◆ Goal of the exercise ◆
Repeat the listing below in full and exactly. Pictures are to be omitted.

### Source material ###

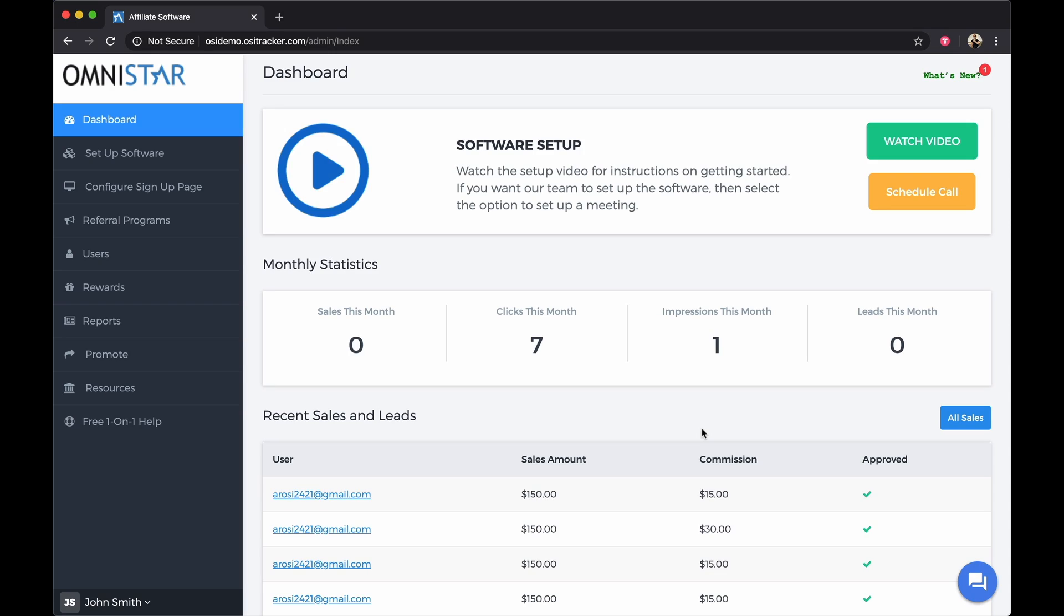Hi, welcome to the instructional video on how to set up a recurring affiliate program with PayPal subscription buttons. If you provide a service where you charge customers a recurring fee on an ongoing basis like monthly, quarterly, or annually using PayPal subscription buttons, you'll be able to pay your affiliates a recurring commission with our software.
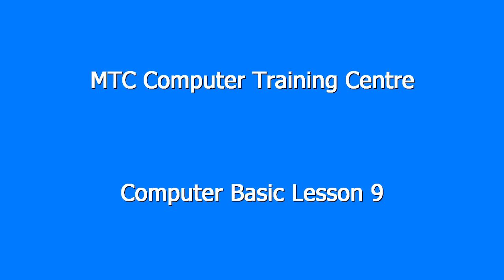My name is MTC Computer Training Center. This is a lesson.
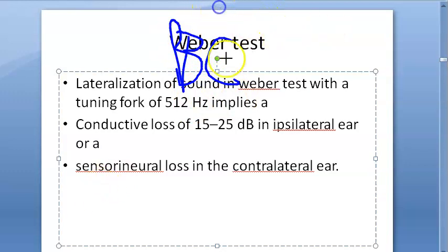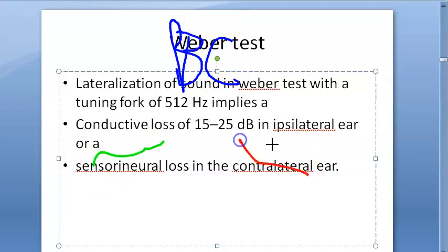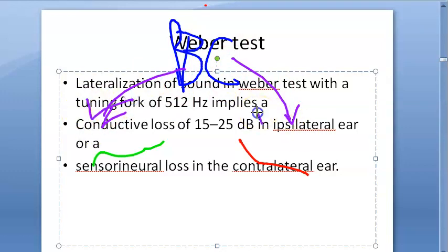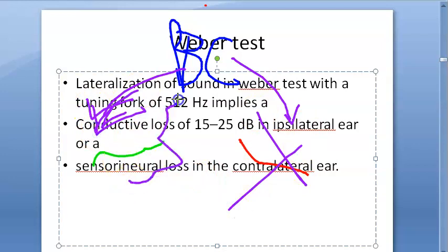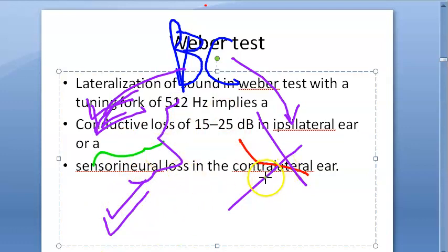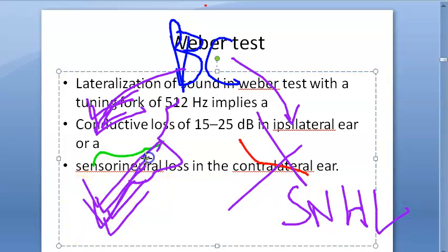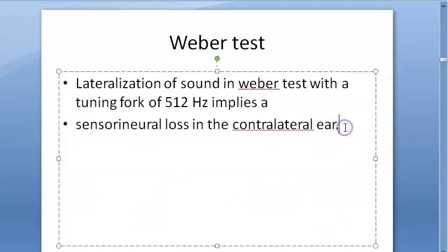Weber's test is a bone conduction test — you keep it on the bone and expect the bone to conduct. If one side has a perfectly fine nerve and the other has an impaired nerve, bone conduction happens to both sides, but the damaged side cannot conduct the signal to the brain. So the person hears via the normal side. In sensorineural loss, lateralization is to the contralateral ear. It can also indicate conductive loss in the ipsilateral ear.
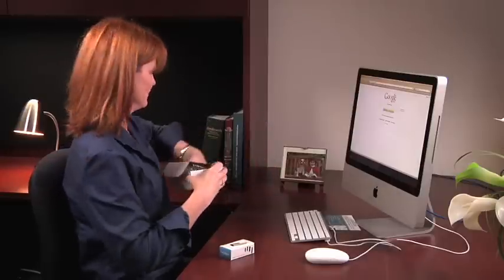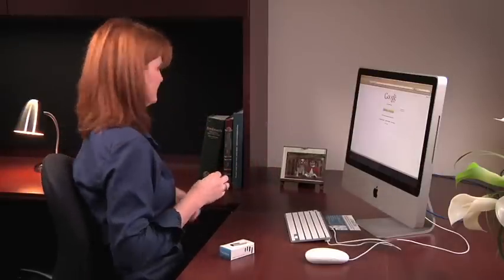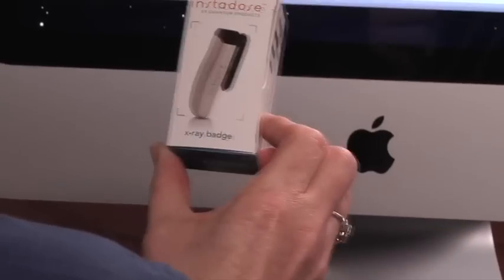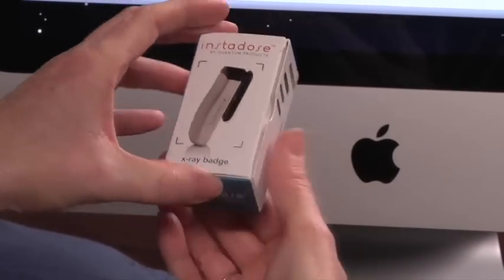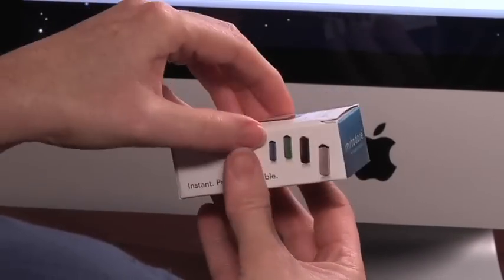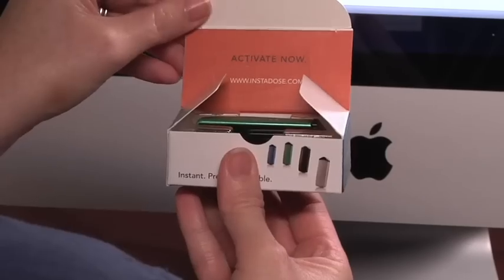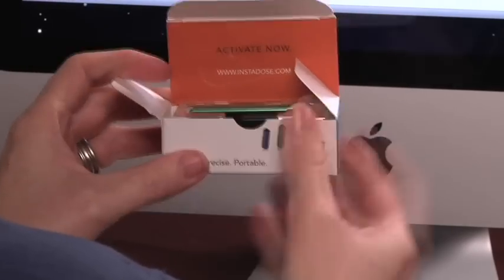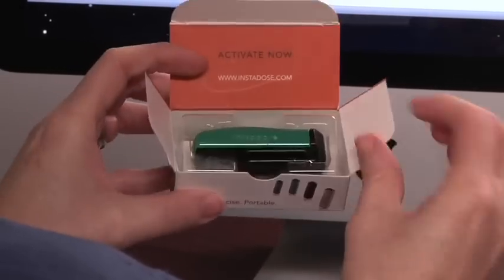With AMP, account administrators can manage all the elements of the InstaDose Monitoring Program online — from account administration to managing individual wearers and devices. AMP will give you real-time access to all of your account information.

###

◆ Output for this exercise ◆
Hi, welcome to the instructional video on how to set up a recurring affiliate program with PayPal subscription buttons. If you provide a service where you charge customers a recurring fee on an ongoing basis like monthly, quarterly, or annually using PayPal subscription buttons, you'll be able to pay your affiliates a recurring commission with our software.
My name is MTC Computer Training Center. This is a lesson.
Weber's test is a bone conduction test — you keep it on the bone and expect the bone to conduct. If one side has a perfectly fine nerve and the other has an impaired nerve, bone conduction happens to both sides, but the damaged side cannot conduct the signal to the brain. So the person hears via the normal side. In sensorineural loss, lateralization is to the contralateral ear. It can also indicate conductive loss in the ipsilateral ear.
With AMP, account administrators can manage all the elements of the InstaDose Monitoring Program online — from account administration to managing individual wearers and devices. AMP will give you real-time access to all of your account information.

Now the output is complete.